*** Opening of RECORDS TO PROCESS ***

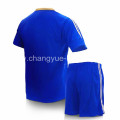 high quality new fashion blank soccer wear for low price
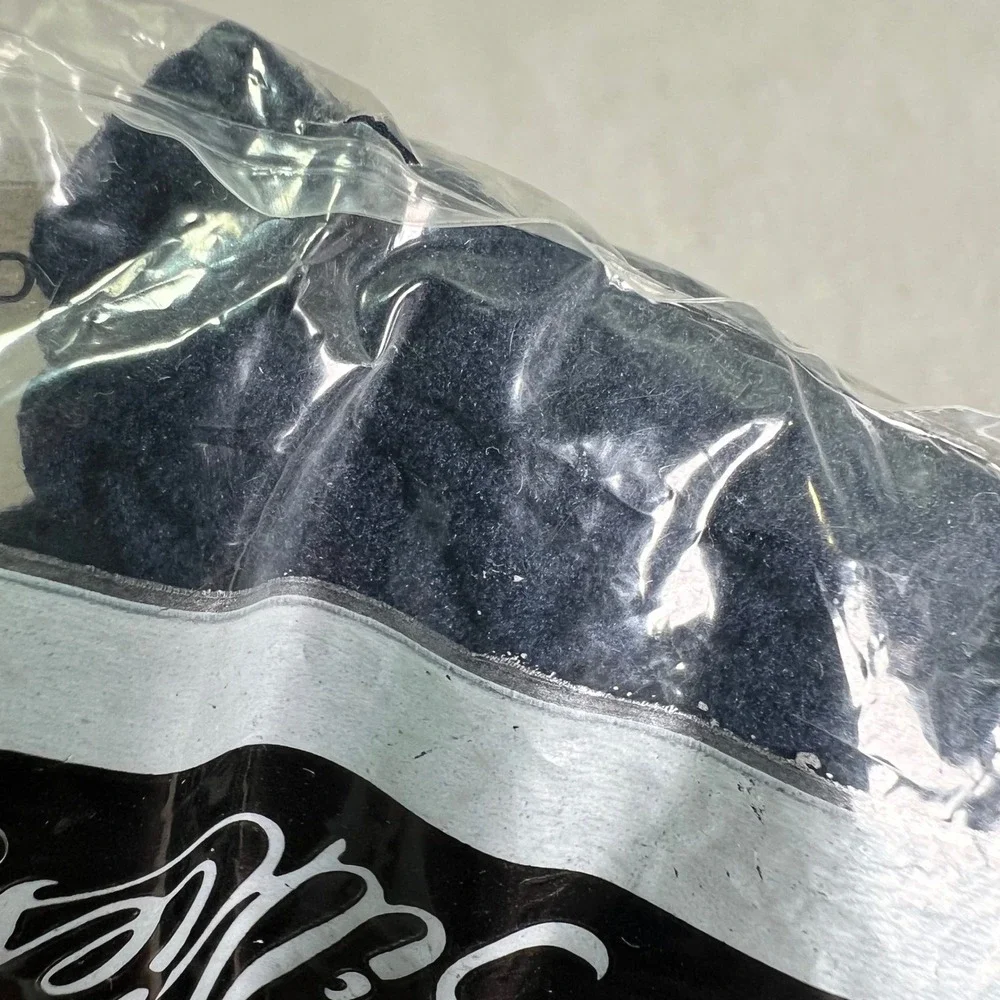 NOS Silkies Hosiery Mixed Lot Multicolor Pantyhose Knee Highs Vintage Medium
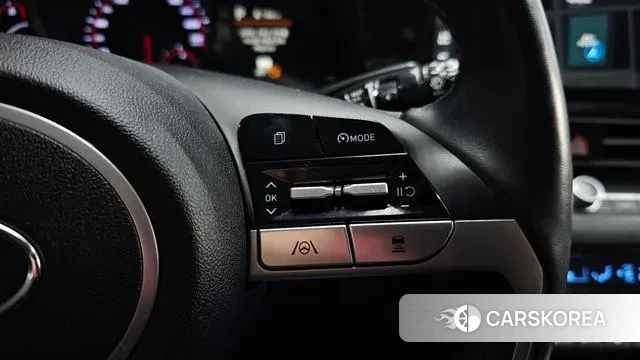 Hyundai Avante (CN7) id 3335598 из Кореи 10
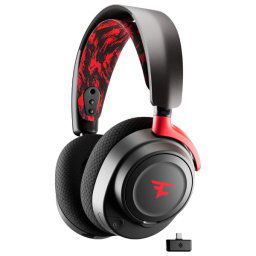 Steelseries Arctis Nova 7 Faze Clan 61556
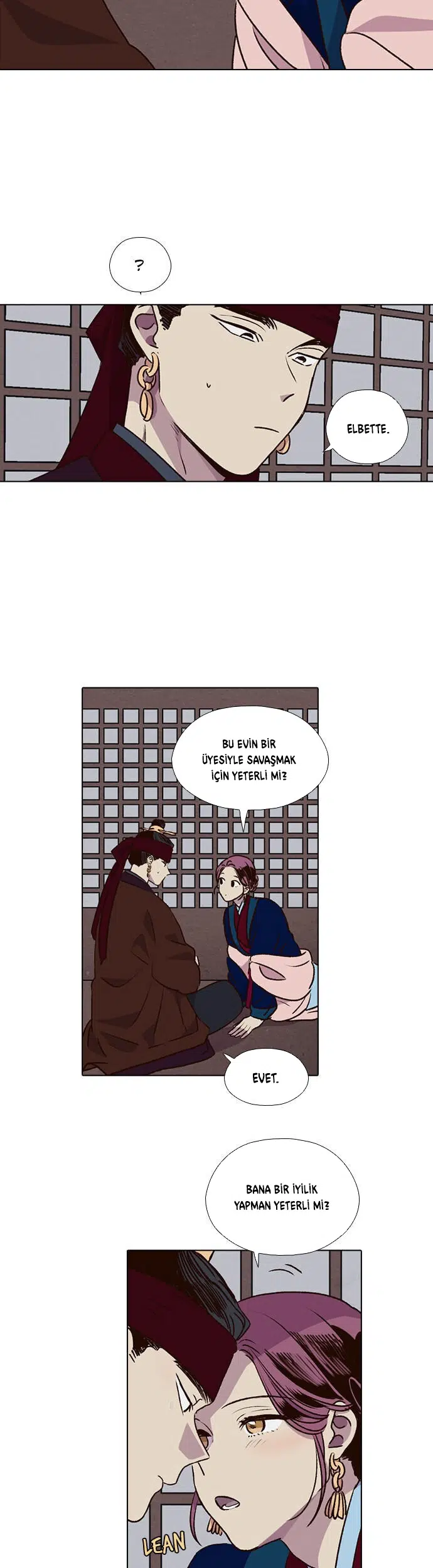 Gündüz Doğan Ay - Bölüm 183 Sayfa 14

*** Close of RECORDS TO PROCESS ***

Would you return all of the data above word for word, omitting every picture?

» ANSWER BOX:
 high quality new fashion blank soccer wear for low price
 NOS Silkies Hosiery Mixed Lot Multicolor Pantyhose Knee Highs Vintage Medium
 Hyundai Avante (CN7) id 3335598 из Кореи 10
 Steelseries Arctis Nova 7 Faze Clan 61556
 Gündüz Doğan Ay - Bölüm 183 Sayfa 14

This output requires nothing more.